A medida de inflação harmonizada da União Europeia, que é acompanhada de perto pelo Banco Central Europeu, também registrou alta. O Índice Harmonizado de Preços ao Consumidor (HICP) subiu 2,9% na comparação anual em abril, ante 2,8% no mês anterior. O relatório indica que as pressões inflacionárias na maior economia da Europa seguem persistentes, ainda que o ritmo de aceleração não tenha sido tão forte quanto o previsto.
Os dados tiveram impacto limitado no mercado cambial. O EUR/USD permaneceu oscilando dentro de um intervalo em torno de 1,1700, cotado a 1,1705 em sua última atualização, com um recuo diário de 0,05%.
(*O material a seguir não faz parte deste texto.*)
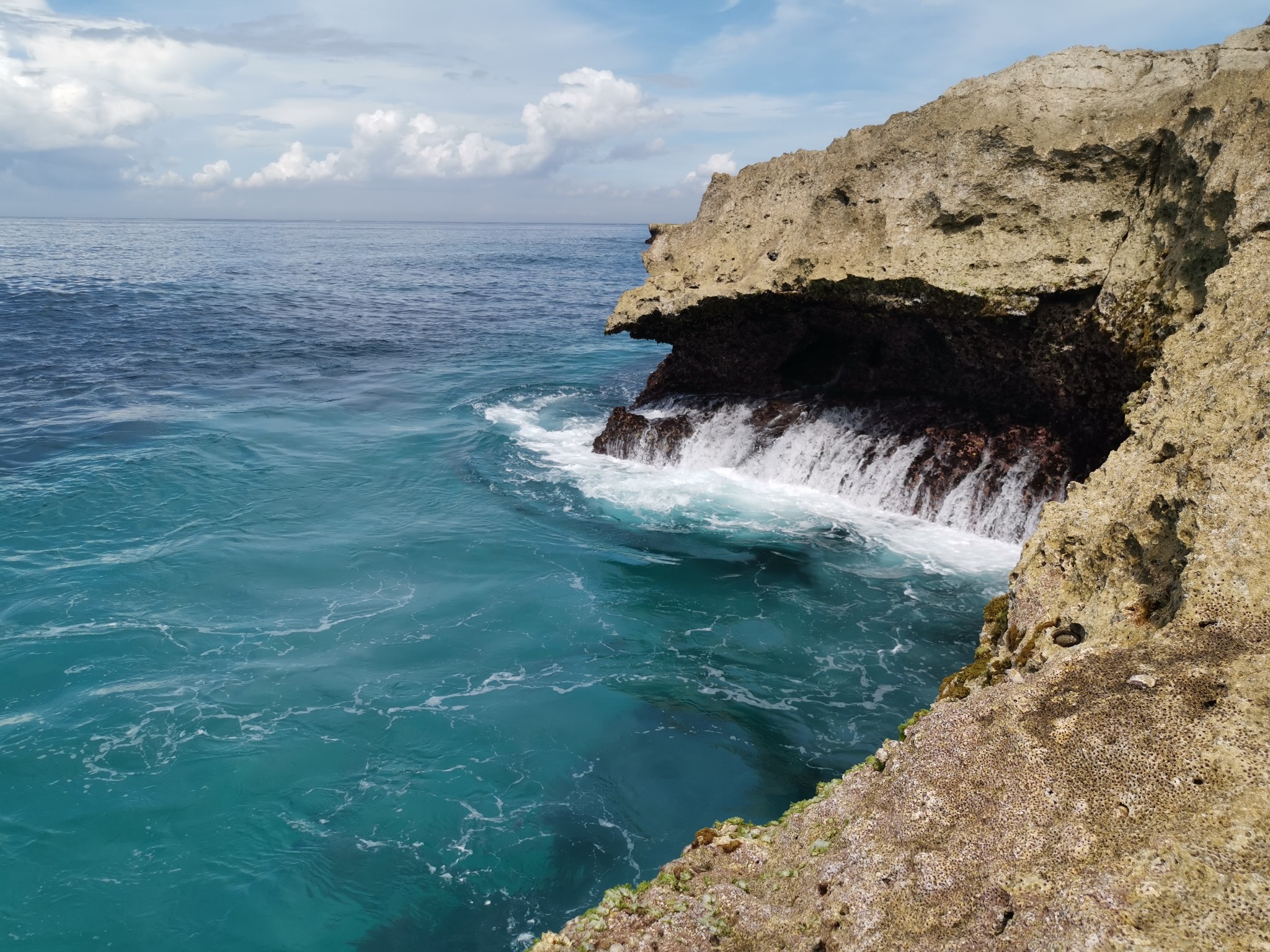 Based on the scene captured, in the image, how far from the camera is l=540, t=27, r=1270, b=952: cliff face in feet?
17.2

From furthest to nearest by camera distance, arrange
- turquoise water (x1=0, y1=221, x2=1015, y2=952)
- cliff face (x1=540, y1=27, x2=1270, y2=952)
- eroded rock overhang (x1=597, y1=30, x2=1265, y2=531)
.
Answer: eroded rock overhang (x1=597, y1=30, x2=1265, y2=531), turquoise water (x1=0, y1=221, x2=1015, y2=952), cliff face (x1=540, y1=27, x2=1270, y2=952)

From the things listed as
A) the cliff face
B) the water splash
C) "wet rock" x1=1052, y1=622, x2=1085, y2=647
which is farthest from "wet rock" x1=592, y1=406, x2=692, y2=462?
"wet rock" x1=1052, y1=622, x2=1085, y2=647

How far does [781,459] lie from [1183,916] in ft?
62.7

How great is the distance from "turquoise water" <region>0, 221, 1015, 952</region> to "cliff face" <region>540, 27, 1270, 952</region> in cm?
462

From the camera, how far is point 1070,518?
9.56 meters

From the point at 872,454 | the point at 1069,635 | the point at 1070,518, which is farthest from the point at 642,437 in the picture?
the point at 1069,635

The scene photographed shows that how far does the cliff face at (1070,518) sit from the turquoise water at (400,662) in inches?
182

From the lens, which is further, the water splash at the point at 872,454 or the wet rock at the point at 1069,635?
the water splash at the point at 872,454

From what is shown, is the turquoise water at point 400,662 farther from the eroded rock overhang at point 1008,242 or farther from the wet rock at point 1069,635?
the wet rock at point 1069,635

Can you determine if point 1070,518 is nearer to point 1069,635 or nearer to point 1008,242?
point 1069,635

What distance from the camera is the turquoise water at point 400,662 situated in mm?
10656

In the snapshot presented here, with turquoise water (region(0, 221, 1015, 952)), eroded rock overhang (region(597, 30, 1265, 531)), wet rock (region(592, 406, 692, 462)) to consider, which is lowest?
turquoise water (region(0, 221, 1015, 952))

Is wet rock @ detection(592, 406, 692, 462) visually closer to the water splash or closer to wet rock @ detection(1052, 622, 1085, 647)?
the water splash

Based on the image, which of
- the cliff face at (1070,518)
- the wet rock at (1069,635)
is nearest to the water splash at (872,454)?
the cliff face at (1070,518) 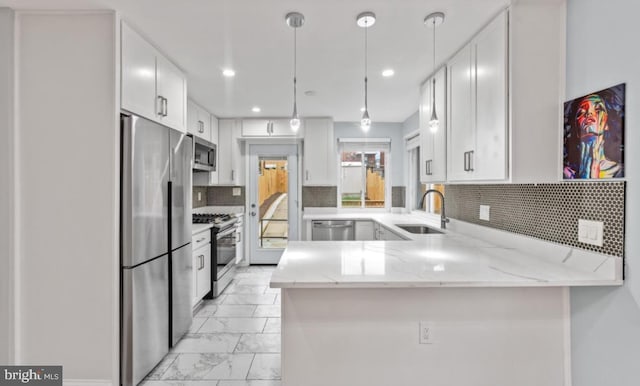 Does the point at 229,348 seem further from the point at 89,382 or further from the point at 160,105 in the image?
the point at 160,105

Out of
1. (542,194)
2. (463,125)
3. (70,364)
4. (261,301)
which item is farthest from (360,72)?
(70,364)

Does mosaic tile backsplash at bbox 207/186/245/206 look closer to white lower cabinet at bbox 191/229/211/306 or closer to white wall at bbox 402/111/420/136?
white lower cabinet at bbox 191/229/211/306

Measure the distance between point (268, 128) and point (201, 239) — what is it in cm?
201

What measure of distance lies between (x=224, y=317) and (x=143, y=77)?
226 centimetres

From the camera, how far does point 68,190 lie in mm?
1947

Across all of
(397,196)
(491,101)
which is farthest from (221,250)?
(491,101)

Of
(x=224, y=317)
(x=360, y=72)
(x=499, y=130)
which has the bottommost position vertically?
(x=224, y=317)

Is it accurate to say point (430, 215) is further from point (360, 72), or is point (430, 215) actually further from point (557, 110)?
point (557, 110)

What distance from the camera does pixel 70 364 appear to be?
1939 millimetres

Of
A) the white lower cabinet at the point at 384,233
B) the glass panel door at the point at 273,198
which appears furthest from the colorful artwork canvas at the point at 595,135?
the glass panel door at the point at 273,198

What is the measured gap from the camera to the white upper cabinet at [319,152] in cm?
467

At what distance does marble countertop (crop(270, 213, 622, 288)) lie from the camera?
139cm

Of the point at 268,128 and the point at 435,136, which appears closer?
the point at 435,136

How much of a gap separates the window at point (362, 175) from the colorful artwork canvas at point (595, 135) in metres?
3.41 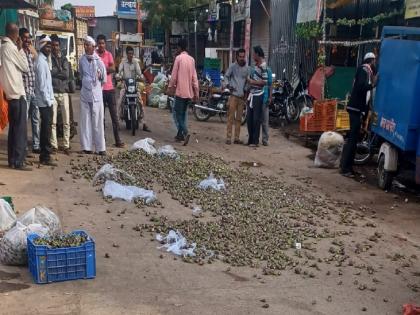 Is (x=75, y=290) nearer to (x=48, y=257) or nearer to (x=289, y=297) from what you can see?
(x=48, y=257)

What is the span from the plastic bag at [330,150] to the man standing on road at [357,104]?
0.40 m

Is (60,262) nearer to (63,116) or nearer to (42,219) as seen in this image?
(42,219)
Os números da inflação são relevantes porque exercem influência nas expectativas para os juros e na política monetária do Banco Central. Em geral, leituras mais elevadas tendem a dar suporte à moeda, pois aumentam a probabilidade de uma política monetária mais restritiva, enquanto uma inflação mais branda pode reduzir essa pressão. Além disso, as autoridades monetárias costumam acompanhar de perto os núcleos de inflação, pois eles excluem itens mais voláteis, como alimentos e energia, e oferecem uma visão mais clara das tendências subjacentes dos preços.
Para o BCE, a leitura mais recente da Alemanha reforça o debate em torno da velocidade de convergência da inflação para a META . Embora os dados de abril não tenham surpreendido o suficiente para provocar uma alteração significativa no euro, eles sustentam a percepção de que o processo de desinflação na Zona do Euro pode continuar desigual nos próximos meses.